Introduction

In this assignment, I used US Census 2000 dataset at county level from Social Explorer to plot population density map in the United States. Population level density is color coded and bubles in grey color. In addition, a non-spatial solution using ggplot is also presented and the comparison between the two approaches is listed in the conclusion.

Data

The dataset used in this homework is the US Census 2000 dataset downloaded from Social Explorer:

https://www.socialexplorer.com/

Results

library(tidyverse)
library(sf)
library(tmap)
library(tigris)
library(spdep)
library(readr)
library(tmaptools)
library(ggplot2)

options(tigris_class = "sf")
county_data <- read_csv("R11929070_SL050.csv")
## Parsed with column specification:
## cols(
##   Geo_NAME = col_character(),
##   Geo_QName = col_character(),
##   Geo_AREALAND = col_double(),
##   Geo_AREAWATR = col_double(),
##   Geo_SUMLEV = col_character(),
##   Geo_GEOCOMP = col_character(),
##   Geo_REGION = col_integer(),
##   Geo_DIVISION = col_integer(),
##   Geo_FIPS = col_character(),
##   Geo_STATE = col_character(),
##   Geo_COUNTY = col_character(),
##   SE_T001_001 = col_integer()
## )
#us_counties <- counties(cb= TRUE)
us_counties <- counties(cb= TRUE, resolution = "20m")

##### cb = FALSE examples
#us_counties_f <- counties(cb= FALSE) # test cb = FALSE
#us_counties <- st_as_sf(us_counties)

county_data <- county_data %>% mutate(GEOID = Geo_FIPS)

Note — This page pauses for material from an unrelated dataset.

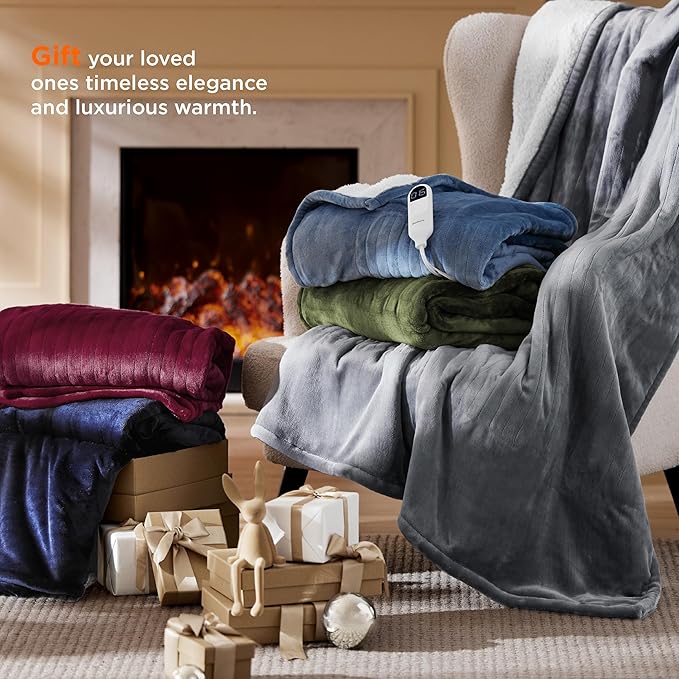 Bedsure Heated Blanket Throw Blanket - Fast Heating Electric Blanket, Soft Flannel Heated Throw with 4 Time Settings, 6 Heating Settings, Warm Gifts for Grandma Granpa (50x60 inches, Brown)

comb_data <- us_counties %>% left_join(county_data, by="GEOID")

 
 ##### Filter Out Alaska, Hawaii and Purto Rico: 02 and 15
 
 comb_data <- comb_data %>% filter(!STATEFP %in% c("02","15","72"))
 # tm_shape(comb_data, projection = 2163) + tm_polygons("GEOID", palette = "-RdBu", midpoint = 50) + tmap_options(max.categories = 3233) + tm_bubbles("SE_T001_001", col = "grey30", scale=.5)
 
colnames(comb_data)[which(colnames(comb_data) == "SE_T001_001")] <- "Population"

The cb=TRUE option will retrieve the more generalized TIGER data which will save time and memory. It’s a good idea unless you know you need the more detailed data. When cb = FALSE is used, it takes a lot more time to load the data compared to cb = TRUE. In addition, sometimes I might see error message such as “Error in CPL_read_ogr(dsn, layer, query, as.character(options), quiet, : Opening layer failed” if cb = FALSE is used.

# Adding state border
# us_states <- comb_data %>% 
#   aggregate_map(by = "STATEFP")

us_counties <- comb_data %>% 
  aggregate_map(by = "COUNTYFP")

tm_shape(comb_data, projection = 2163) + tm_polygons("Population", palette = "-RdBu", midpoint = 50, border.col = "grey", border.alpha = .4)  + tm_bubbles("Population", col = "grey30", scale=.5) +
  tm_shape(us_counties) + tm_borders(lwd = 1, col = "black", alpha = 1) + tm_layout(bg.color = "ivory",
title = "US Census 2000",
title.position = c("right", "top"), title.size = 1.1,
legend.position = c(0.85, 0), legend.text.size = 0.75,
legend.width = 0.2)   + tmap_options(max.categories = 3199)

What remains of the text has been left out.